──────── DATASET EXTRACT ────────
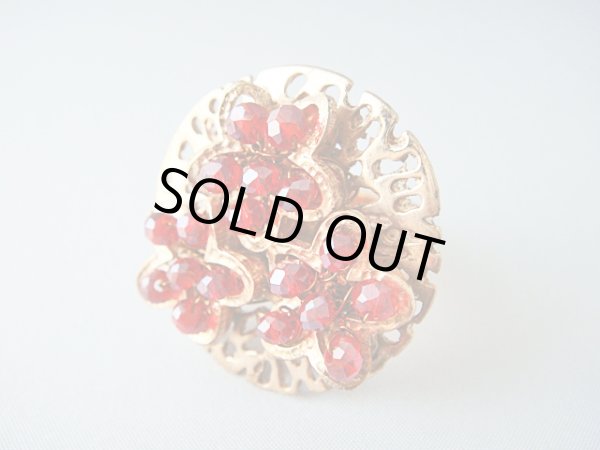 画像1: 【ＳＯＬＤ　ＯＵＴ　ありがとうございました！】【お客様の声あり♪】（ギリシャアクセサリー）愛らしいスワロフスキークリスタルビーズ小花リング（ピンクゴールド）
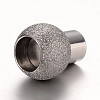 Tarnish Resistant Textured 304 Stainless Steel Column Magnetic Clasps with Glue-in Ends STAS-I045-11P-2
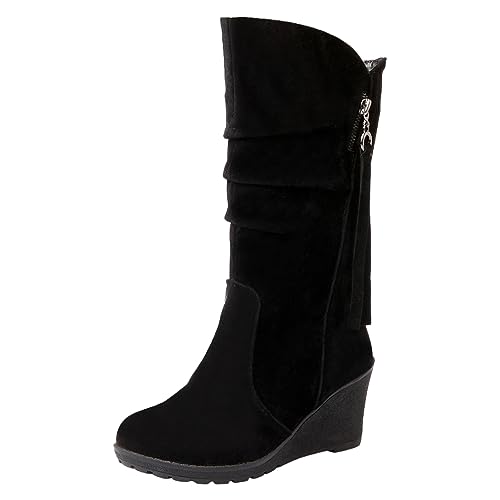 rismart Damen Schlupfstiefel Wadenhoch Keilabsatz Dünn Fellimitat Wildleder Winterschuhe Schwarz,40.5 von rismart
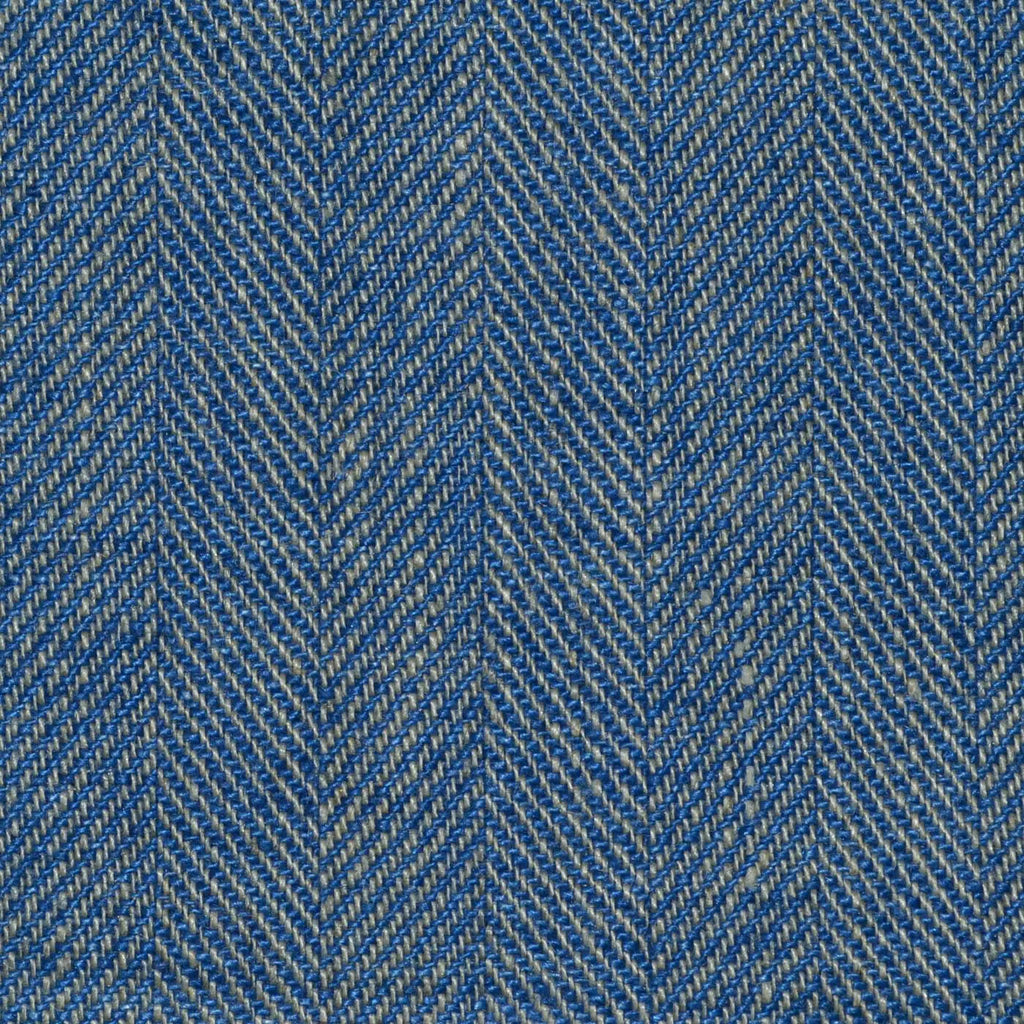 Denim Blue Herringbone Linen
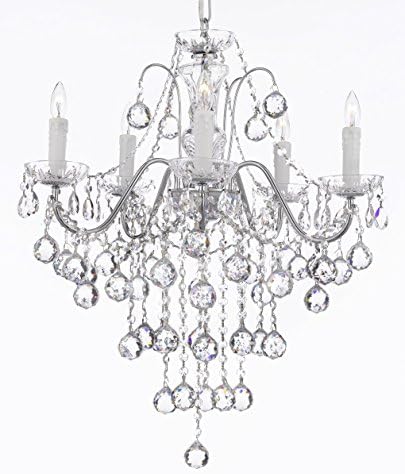 Hamilton Home Daniele Collection Chrome Finish Crystal Chandelier Lighting Chandliers with Crystal Balls - Good for Dining Room, Foyer, Entryway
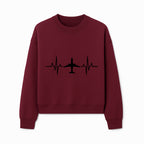 Airplane and Heartbeat Graphic Art Print - Aviation Lover Wall Decor for Travelers and Pilots - Sweatshirt 1758254652999.jpg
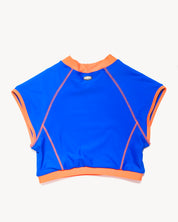 Cropped Scuba Top - Cobalt & Coral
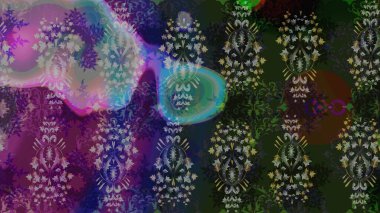 Düz Çiçek Elementleri Tasarımı. Gri renkli çiçekler. Raster illüstrasyonunda kusursuz çiçek deseni. Renkli Yaz Temalı Kusursuz Arkaplan.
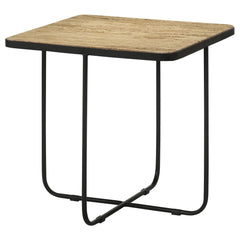 Elyna Square Stone Top Accent Side Table Beige - What&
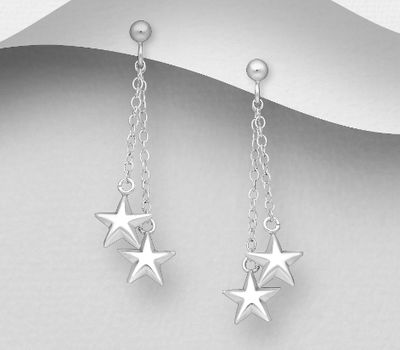 925 Sterling Silver Star Push-Back Earrings
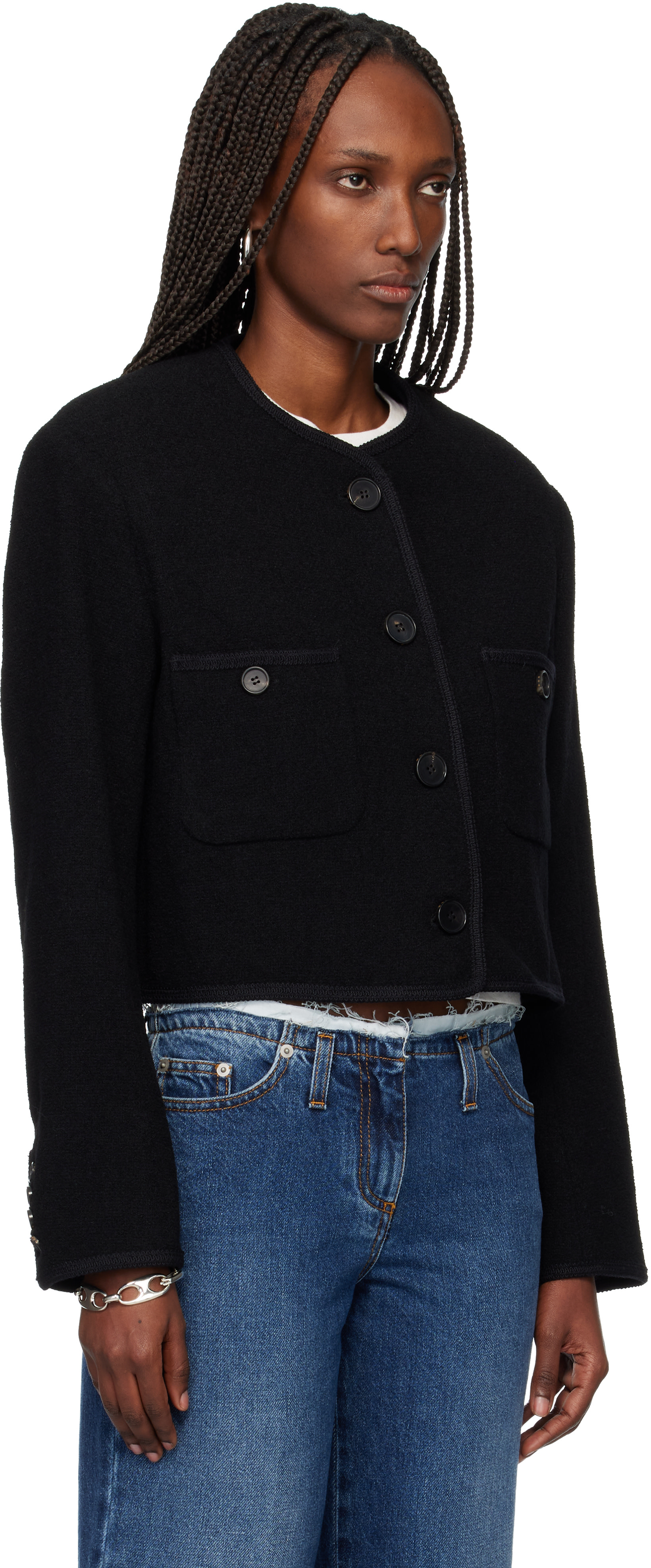 TONYWACK: Black Tweed Cropped Wool Jacket | SSENSE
────────
> _EXERCISE BRIEF_
Aside from the pictures, copy all of the entries exactly.

> _REPLY TO THE EXERCISE_
 画像1: 【ＳＯＬＤ　ＯＵＴ　ありがとうございました！】【お客様の声あり♪】（ギリシャアクセサリー）愛らしいスワロフスキークリスタルビーズ小花リング（ピンクゴールド）
 Tarnish Resistant Textured 304 Stainless Steel Column Magnetic Clasps with Glue-in Ends STAS-I045-11P-2
 rismart Damen Schlupfstiefel Wadenhoch Keilabsatz Dünn Fellimitat Wildleder Winterschuhe Schwarz,40.5 von rismart
 Denim Blue Herringbone Linen
 Hamilton Home Daniele Collection Chrome Finish Crystal Chandelier Lighting Chandliers with Crystal Balls - Good for Dining Room, Foyer, Entryway
 Airplane and Heartbeat Graphic Art Print - Aviation Lover Wall Decor for Travelers and Pilots - Sweatshirt 1758254652999.jpg
 Cropped Scuba Top - Cobalt & Coral
 Düz Çiçek Elementleri Tasarımı. Gri renkli çiçekler. Raster illüstrasyonunda kusursuz çiçek deseni. Renkli Yaz Temalı Kusursuz Arkaplan.
 Elyna Square Stone Top Accent Side Table Beige - What&
 925 Sterling Silver Star Push-Back Earrings
 TONYWACK: Black Tweed Cropped Wool Jacket | SSENSE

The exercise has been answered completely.